Soil Conservation Education A Priority

Conservation agriculture improves soil structure and protects the soil against erosion and nutrient losses by maintaining a permanent soil cover and minimizing soil disturbance. Farmers care about being good stewards of the land and implementing positive conservation practices. They attend events to learn more about the soil in their areas, cover crops, and environmental care.

Dustin Ladd, Juneau County Conservationist, shares more on their different watershed groups, demonstrations, and simulators they have to help educate farmers on how to have good soil management.

One of the groups that Ladd works with is the Producers of Lake Redstone. They are a farmer led group that is funded by the Department of Agriculture. They have multiple events each year with their next event coming up on September 28. At this event they will have a drone seeding cover crops. 
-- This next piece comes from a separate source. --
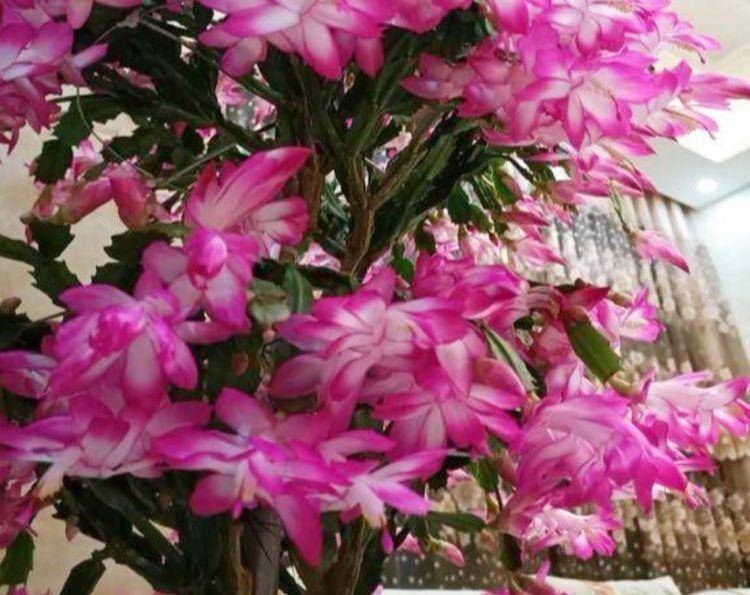 富贵籽怎么养开花结果 7923c19d513543669c576d5900e66e49.jpeg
The drone that’s going to be applying cover crops has a carrying capacity of 75 pounds and is able to plant about twenty acres an hour. This drone is run completely off of a GPS so they are able to get pretty exact in the field where they apply the cover crops. 
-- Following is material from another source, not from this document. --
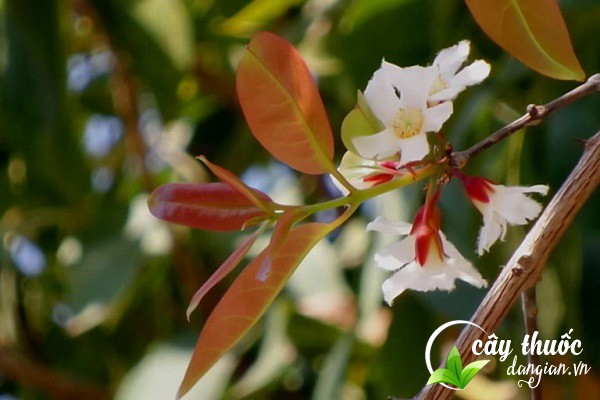 Cây đỏ ngọn được sử dụng nhiều để làm các bài thuốc chữa bệnh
“I think for the future, drones are definitely going to be utilized more often,” says Ladd. “It would just be one less thing that the farmer would have to worry about.”
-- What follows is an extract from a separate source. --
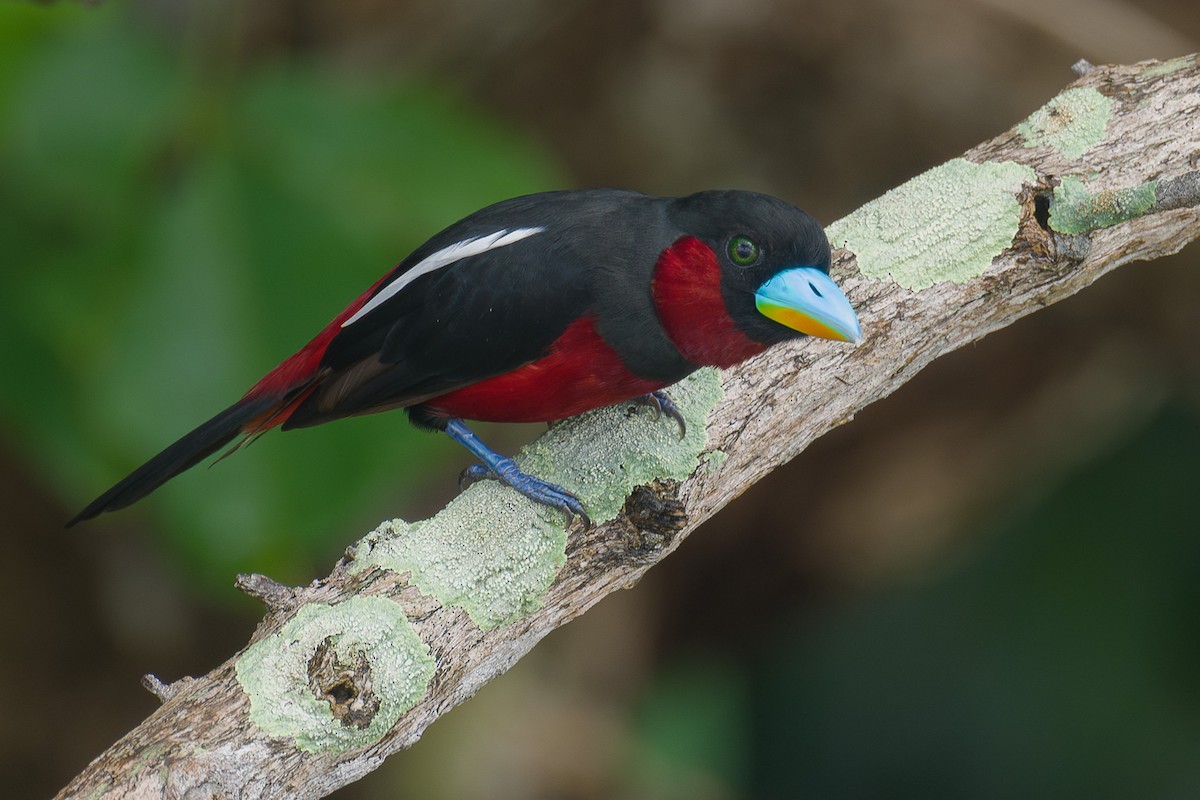 Black-and-red Broadbill - Francis Yap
Ladd also helped to put on a rainfall simulator. This simulator is a trailer with trays in it that simulates one inch of rainfall in just about a minute. It allows farmers to see what is happening with different soil types and different conservation practices. They can see what’s happening when it rains on the land, if the water is infiltrating or running off, and what’s happening when it runs off.  

Ladd suggests that farmers start with a rye or wheat cover crop to help with runoff. Once farmers get a little more comfortable, he encourages them to try multi-species cover crops that have a little bit of everything in it and if they get a little further along, they can start doing some growing season cover crops. 

“We had a good year as far as erosion goes. There were acres that you could tell where some things got a little more tillage this year than other years and you could definitely see the difference in the spring with some of our early heavy rainfall events. It was easy to tell what areas had cover crops and what areas didn’t,” says Ladd.

Ladd also works with the Farmers of the Lemonweir Valley. They will be hosting a field day on September 8, 2022 with Jamie Patton from UW-Extension coming to explain soil pits. She will highlight areas that have high compaction and what different cropping practices are doing to the soil and the soil structure. They will also have a seasonal buffer strip with cover crops.

“These new farmer groups and what we’re doing with them can definitely show off all the different things that are happening,” adds Ladd.  “Some farmers that may be later adopters of these conservation practices are able to see what their neighbors are doing.”

Ladd continues that farmers are more likely to adopt the conservation practices by hearing about it from their neighbors rather than an agency staff member. Word of mouth from their peers on what is good for the farmer, the land, and how they’re doing it helps farmers to ensure that there is good soil to continue farming for future generations.